*** Block opens ***
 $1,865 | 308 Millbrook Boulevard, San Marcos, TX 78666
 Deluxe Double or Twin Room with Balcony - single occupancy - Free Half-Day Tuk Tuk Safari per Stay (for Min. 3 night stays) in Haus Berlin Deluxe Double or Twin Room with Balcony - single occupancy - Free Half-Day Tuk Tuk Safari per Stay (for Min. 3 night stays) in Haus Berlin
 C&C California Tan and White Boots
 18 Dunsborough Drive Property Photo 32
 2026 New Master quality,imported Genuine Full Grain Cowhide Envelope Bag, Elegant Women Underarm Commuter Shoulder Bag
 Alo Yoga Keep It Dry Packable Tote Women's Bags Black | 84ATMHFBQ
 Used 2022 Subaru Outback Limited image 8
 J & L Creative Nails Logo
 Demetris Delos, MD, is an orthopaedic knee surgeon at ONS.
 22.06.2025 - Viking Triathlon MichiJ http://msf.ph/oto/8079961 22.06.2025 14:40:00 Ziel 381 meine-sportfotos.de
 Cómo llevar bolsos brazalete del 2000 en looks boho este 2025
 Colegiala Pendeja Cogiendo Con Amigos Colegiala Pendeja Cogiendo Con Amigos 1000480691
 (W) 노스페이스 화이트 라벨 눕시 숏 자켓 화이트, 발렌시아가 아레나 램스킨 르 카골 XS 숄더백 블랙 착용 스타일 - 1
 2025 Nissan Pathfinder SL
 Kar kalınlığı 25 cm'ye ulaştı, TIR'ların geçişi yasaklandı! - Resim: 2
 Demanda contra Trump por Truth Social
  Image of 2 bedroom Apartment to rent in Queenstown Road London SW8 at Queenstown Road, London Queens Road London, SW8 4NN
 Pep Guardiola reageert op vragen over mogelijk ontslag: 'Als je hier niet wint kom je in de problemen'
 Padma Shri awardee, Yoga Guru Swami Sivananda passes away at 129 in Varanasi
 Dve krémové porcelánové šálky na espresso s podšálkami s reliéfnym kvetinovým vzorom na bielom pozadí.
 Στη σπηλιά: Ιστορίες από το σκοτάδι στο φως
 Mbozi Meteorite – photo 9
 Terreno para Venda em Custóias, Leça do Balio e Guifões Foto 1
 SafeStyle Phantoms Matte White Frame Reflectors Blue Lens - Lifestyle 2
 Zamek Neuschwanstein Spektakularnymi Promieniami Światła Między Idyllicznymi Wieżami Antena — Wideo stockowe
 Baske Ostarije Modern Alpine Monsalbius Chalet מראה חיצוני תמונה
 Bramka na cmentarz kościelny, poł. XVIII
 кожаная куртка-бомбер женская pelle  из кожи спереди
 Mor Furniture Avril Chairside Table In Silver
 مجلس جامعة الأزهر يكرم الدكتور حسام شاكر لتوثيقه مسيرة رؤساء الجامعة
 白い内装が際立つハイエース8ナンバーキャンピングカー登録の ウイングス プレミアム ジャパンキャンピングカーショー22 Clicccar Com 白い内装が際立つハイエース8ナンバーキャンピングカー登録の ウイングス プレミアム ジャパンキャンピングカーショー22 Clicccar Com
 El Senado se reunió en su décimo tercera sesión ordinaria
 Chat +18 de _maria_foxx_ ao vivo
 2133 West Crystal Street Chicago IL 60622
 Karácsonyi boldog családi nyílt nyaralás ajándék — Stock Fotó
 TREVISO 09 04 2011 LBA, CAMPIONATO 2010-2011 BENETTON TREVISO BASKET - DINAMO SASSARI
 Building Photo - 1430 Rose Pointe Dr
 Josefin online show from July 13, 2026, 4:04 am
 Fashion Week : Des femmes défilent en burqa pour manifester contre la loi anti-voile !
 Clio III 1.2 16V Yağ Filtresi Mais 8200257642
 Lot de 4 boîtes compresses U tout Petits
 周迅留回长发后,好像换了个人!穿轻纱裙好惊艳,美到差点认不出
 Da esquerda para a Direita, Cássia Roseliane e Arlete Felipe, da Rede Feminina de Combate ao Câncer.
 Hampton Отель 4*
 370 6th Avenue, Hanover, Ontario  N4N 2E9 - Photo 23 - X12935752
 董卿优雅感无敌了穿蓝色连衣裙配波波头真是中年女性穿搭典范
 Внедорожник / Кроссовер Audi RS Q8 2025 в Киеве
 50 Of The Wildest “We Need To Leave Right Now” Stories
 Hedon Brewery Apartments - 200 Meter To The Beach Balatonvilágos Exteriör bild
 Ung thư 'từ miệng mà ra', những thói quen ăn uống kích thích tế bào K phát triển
*** Block closes ***
> [EXERCISE]: Count the lines in the listing above that contain the string "Women", and give only the count.

> [WRITTEN SOLUTION]: 2